→ **What you are asked to do**: When you reach the line containing "Michael Strahan's photo", repeat that line and each one after it exactly until the records end, leaving out pictures.

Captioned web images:
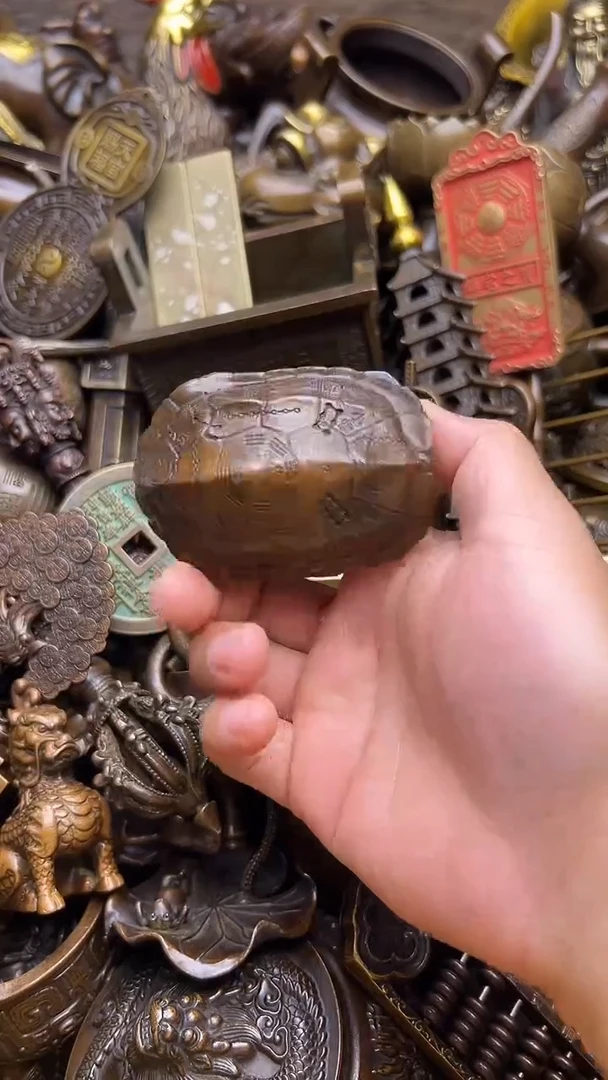 精美铜器，点击即可下单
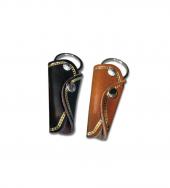 LEATHER KEY FOB(20SS) *ブラック*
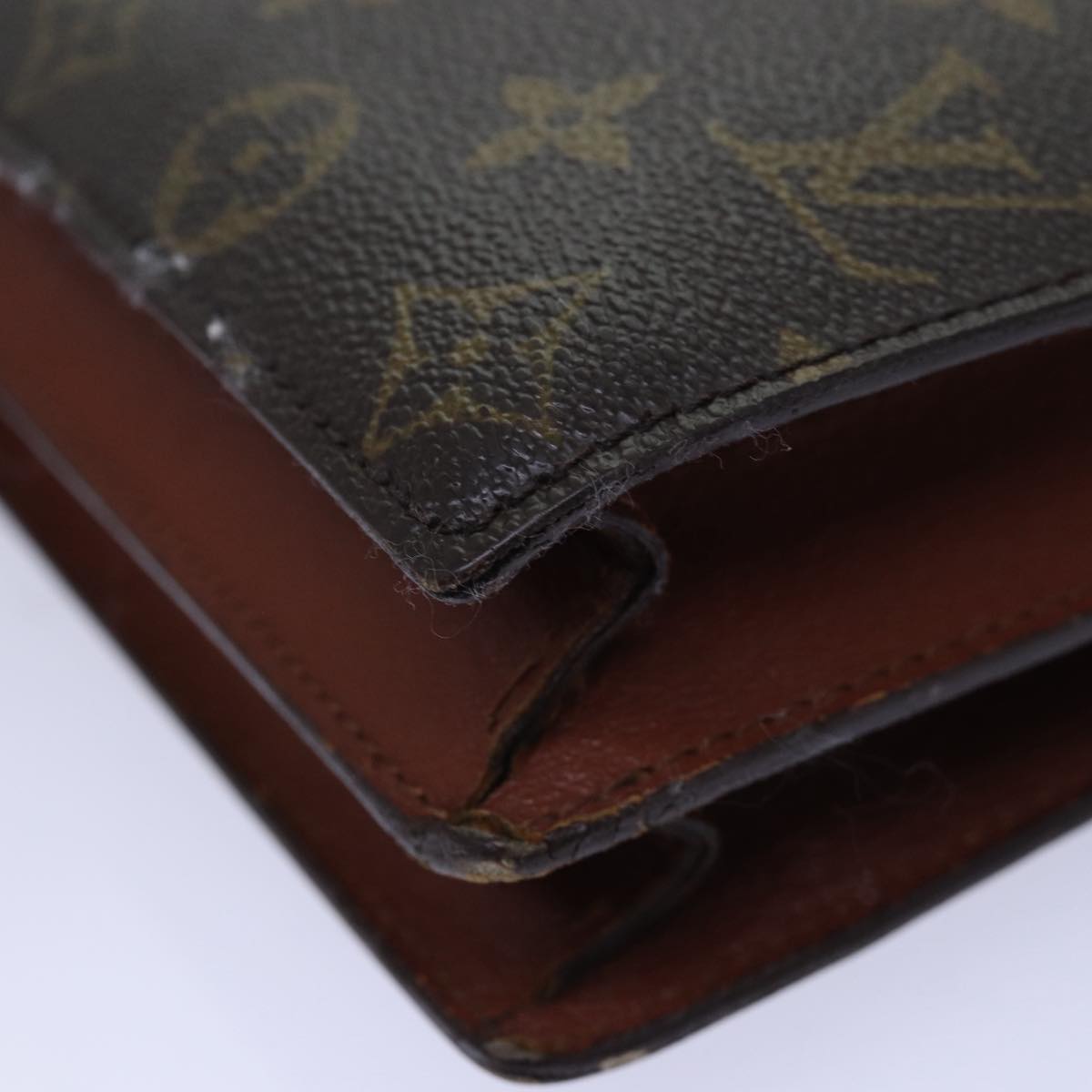 LOUIS VUITTON Monogram Angian Shoulder Bag M51205 LV 65537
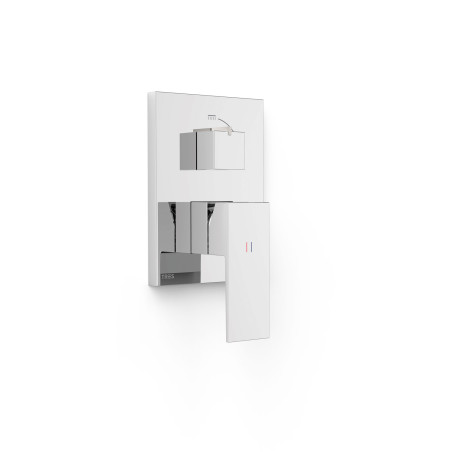 Cuadro tres piece apparente pour boîtier encastre rapid box 2 voies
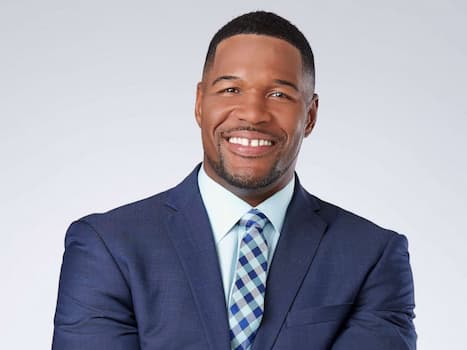 Michael Strahan's photo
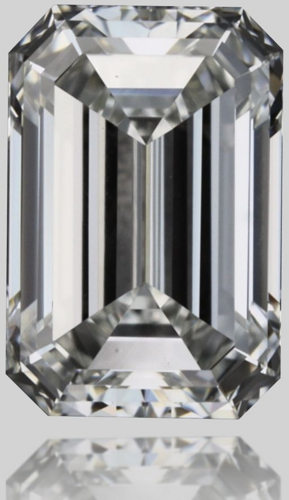 0.34 carat G-VVS2 Natūralus Emerald Deimantas (1)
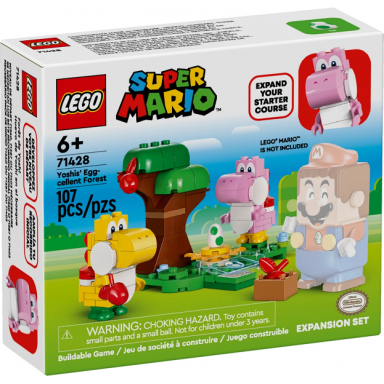yoshis egg-cellent forest - expansion set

→ **Exercise result**:
 Michael Strahan's photo
 0.34 carat G-VVS2 Natūralus Emerald Deimantas (1)
yoshis egg-cellent forest - expansion set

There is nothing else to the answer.